Unnamed: 0,id_subsection,paragraph_name,text_subsection,label_subsection
0,2549.1.1,Abstract,\n Recent work in machine learning for infor...,N_PD
1,2549.2.1,Introduction,\n Information extraction (IE) is the proble...,N_PD
2,2549.2.2,Introduction,\n The increasing importance of the Internet...,N_PD
3,2549.2.3,Introduction,"\n recent work in IE, therefore, has focused...",N_PD
4,2549.2.4,Introduction,"\n At the same time, work on information int...",N_PD


In [3]:
num_pd_subsections = df.loc[df['label_subsection']=='PD'].shape[0]
num_npd_subsections = df.loc[df['label_subsection']=='N_PD'].shape[0]
print("Subsections of 'Problem Description/Statement' in training set = %s" % num_pd_subsections)
print("Other subsections in training set = %s" % num_npd_subsections)

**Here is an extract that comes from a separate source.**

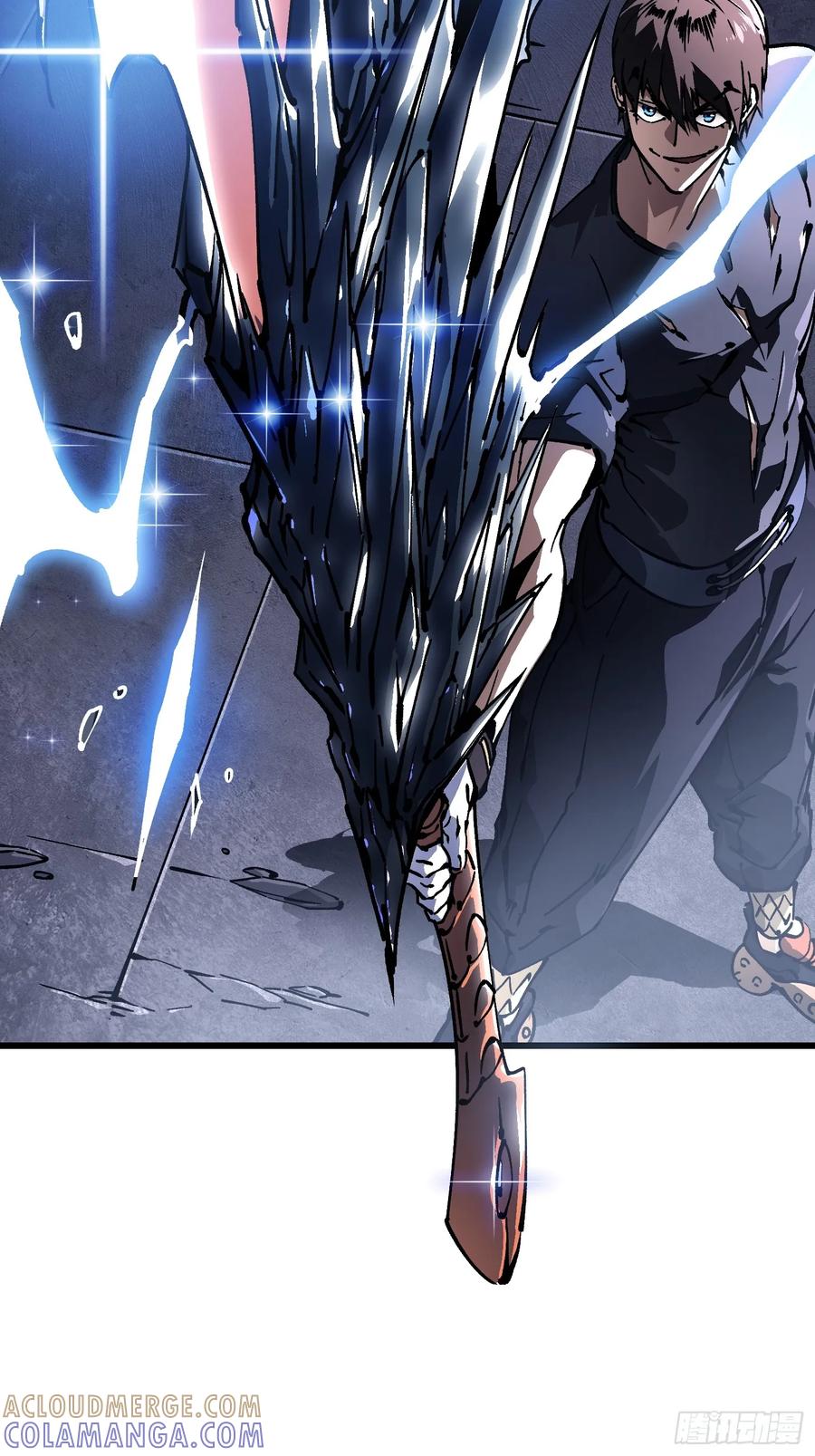 《高武进化：从觉醒怪兽之王开始》037恐怖的实力 第64页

Subsections of 'Problem Description/Statement' in training set = 8014
Other subsections in training set = 88366


Text Cleaning:

In [4]:
def initial_text_cleaning(text):
    text = text.lower()                                             # transform to lowercase
    text = re.sub(r'\n', '', text)                                  # remove \n
    text = re.sub(r'(\(|\[|\{)[^(\)|\]|\})]*(\)|\]|\})', '', text)  # remove everything in parentheses
    text = re.sub(r'http(s)?:\/\/\S+', '', text)                    # remove url
    text = re.sub(r'[^a-z\s]', '', text)  #[^\w\s]                  # remove everything that is not a word (therefore also numbers and punctuation)
    text = re.sub(r'\b\w\b', '', text)                              # remove all single letters
    text = re.sub(r'\s{2,}', ' ', text).strip()                     # reformat spaces
    return text


# cleaning text of stop words
from nltk.corpus import stopwords
def remove_stopwords(text, stopwords):
    words = text.split()
    return ' '.join([w for w in words if w not in stopwords])

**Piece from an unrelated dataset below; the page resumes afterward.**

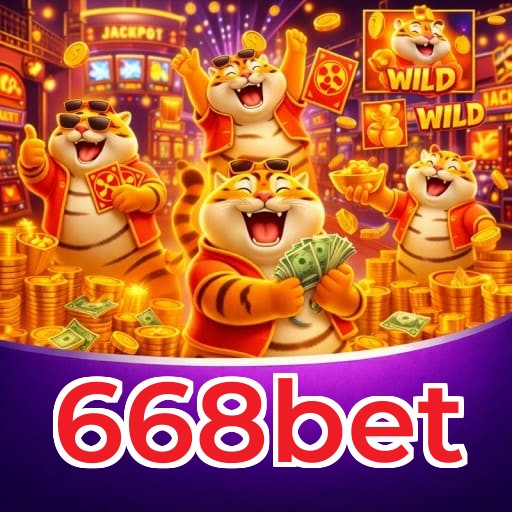 668bet Logo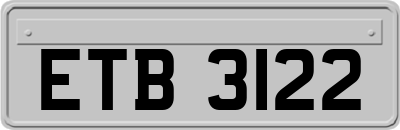 ETB3122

# cleaning text of nonsense words
from nltk.corpus import words
words_dictionary = set(words.words())
def remove_nonsensewords(text):
    words = text.split()
    return ' '.join([w for w in words if w in words_dictionary])


# stemming and lemmatization
from nltk.stem.porter import PorterStemmer
porter = PorterStemmer()
def stemming(text):
    words = text.split()
    return ' '.join([porter.stem(w) for w in words])

from nltk.stem.wordnet import WordNetLemmatizer
wordnet = WordNetLemmatizer()
def lemmatization(text):
    words = text.split()
    return ' '.join([wordnet.lemmatize(w) for w in words])

In [5]:
%%time
#ex:
#print(df['text_subsection'][0], '\n'+'-'*80+'\n', df['text_subsection'][30])

## text - cleaning:
df['text_subsection'] = df['text_subsection'].apply(initial_text_cleaning)

## remove stop-words:
stopwords_file = "./resources/stopwords_list.txt"
stopwords_extended_list = stopwords.words('english')
with open(stopwords_file, 'r') as file:
    stopwords_extended_list.extend([line.replace('\n', '') for line in file.readlines()])
stopwords_extended_list.extend(['table', 'tab', 'figure', 'fig'])
stopwords = set(stopwords_extended_list)
df['text_subsection'] = df['text_subsection'].apply(lambda x: remove_stopwords(x, stopwords))

#ex:
#print(df['text_subsection'][0], '\n'+'-'*80+'\n', df['text_subsection'][30], '\n'+'='*80+'\n')

## stemming and lemmatization:
df['text_subsection'] = df['text_subsection'].apply(stemming)
#df['text_subsection'] = df['text_subsection'].apply(lemmatization)

#ex:
#print(df['text_subsection'][0], '\n'+'-'*80+'\n', df['text_subsection'][30], '\n'+'='*80+'\n')

## remove nonsense-words:
#df['text_subsection'] = df['text_subsection'].apply(remove_nonsensewords)

#ex:
#print(df['text_subsection'][0], '\n'+'-'*80+'\n', df['text_subsection'][30])

CPU times: user 1min 8s, sys: 419 ms, total: 1min 8s
Wall time: 1min 10s


Save Text-Clean Training Set:

In [6]:
#dataset_path = "./resources/lemmatized_training_set.pkl"
dataset_path = "./resources/stemmed_training_set.pkl"
df.to_pickle(dataset_path, protocol=4)